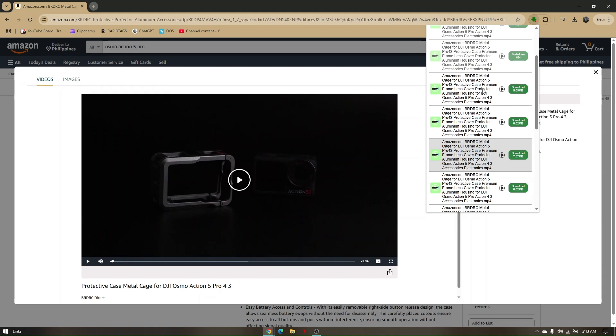To download it, just click on this green box and you should be able to download it without any problems. And that's how you download Amazon product videos without any problems.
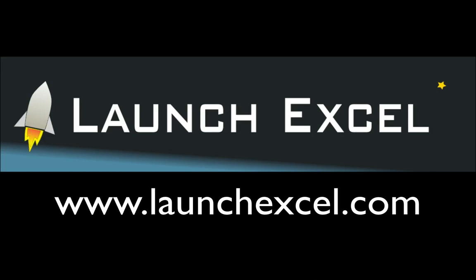If you liked this episode, visit my blog at LaunchExcel.com, where it's my mission to launch your Excel learning journey.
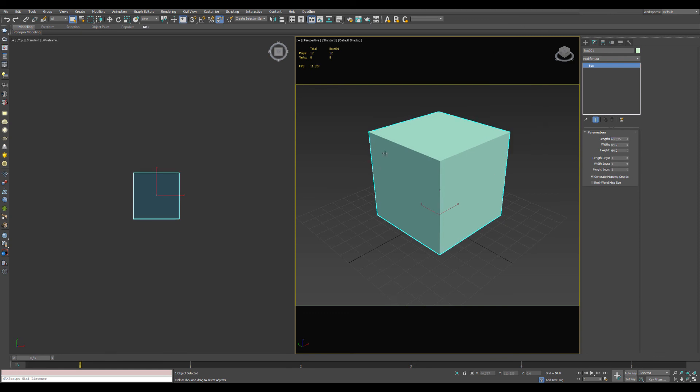And that's all there is to the spinner snap tool. It is a simple yet fundamental aspect of 3D Studio Max's general user interface that often goes overlooked.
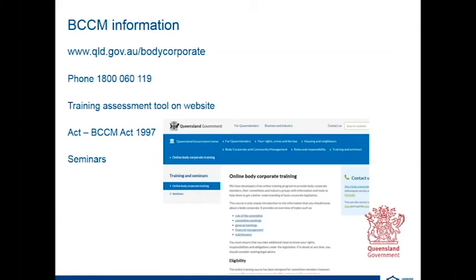All information is available on the website at qld.gov.au/bodycorporate, and there is also a 1800 number. The training assessment tool is a free service targeted towards committee members, but any member of the public can access it. They register online and complete the available units, and at the end they receive a certificate of completion — so it's available to anyone, whether you're a committee member, an occupier, or any member of the general public.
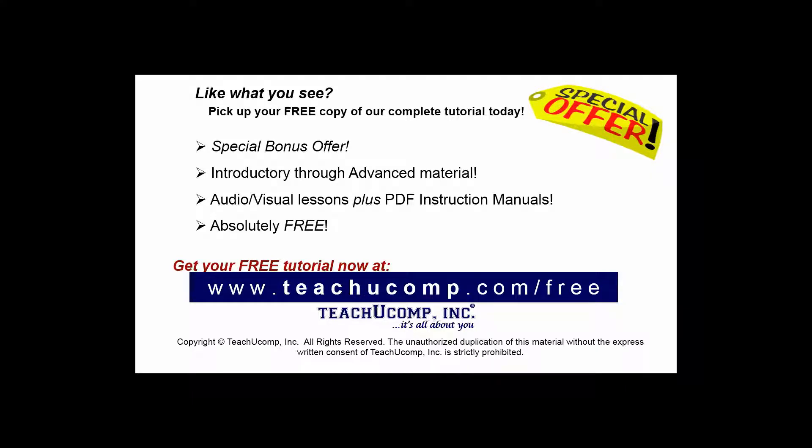Like what you see? Pick up your free copy of the complete tutorial at www.teachucomp.com/free.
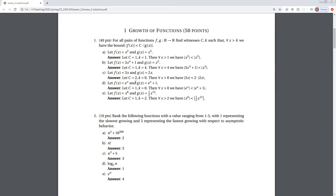For problem 1.c, f(x) is 3x and g(x) is 2x. Because the degree is the same, we do have to use c to boost g(x) to a superior value. It's sufficient to choose c equals 2 and k equals 0, so that for all x greater than 0, 3 times x is less than 2 times 2x.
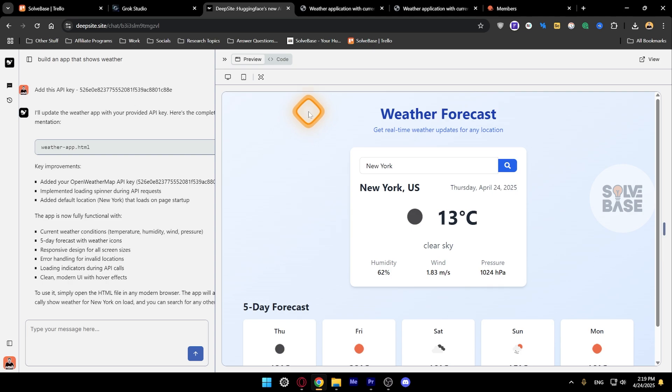I also made another tutorial on Hostinger Horizons. They have got this ability to add a custom domain and make a web app like that, but in there you need to pay for the Hostinger Horizons web hosting as well.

——————————

# What this task involves:
Reproduce the data above line for line, excluding every picture.

# Problem solution:
To download it, just click on this green box and you should be able to download it without any problems. And that's how you download Amazon product videos without any problems.
If you liked this episode, visit my blog at LaunchExcel.com, where it's my mission to launch your Excel learning journey.
And that's all there is to the spinner snap tool. It is a simple yet fundamental aspect of 3D Studio Max's general user interface that often goes overlooked.
All information is available on the website at qld.gov.au/bodycorporate, and there is also a 1800 number. The training assessment tool is a free service targeted towards committee members, but any member of the public can access it. They register online and complete the available units, and at the end they receive a certificate of completion — so it's available to anyone, whether you're a committee member, an occupier, or any member of the general public.
Like what you see? Pick up your free copy of the complete tutorial at www.teachucomp.com/free.
For problem 1.c, f(x) is 3x and g(x) is 2x. Because the degree is the same, we do have to use c to boost g(x) to a superior value. It's sufficient to choose c equals 2 and k equals 0, so that for all x greater than 0, 3 times x is less than 2 times 2x.
I also made another tutorial on Hostinger Horizons. They have got this ability to add a custom domain and make a web app like that, but in there you need to pay for the Hostinger Horizons web hosting as well.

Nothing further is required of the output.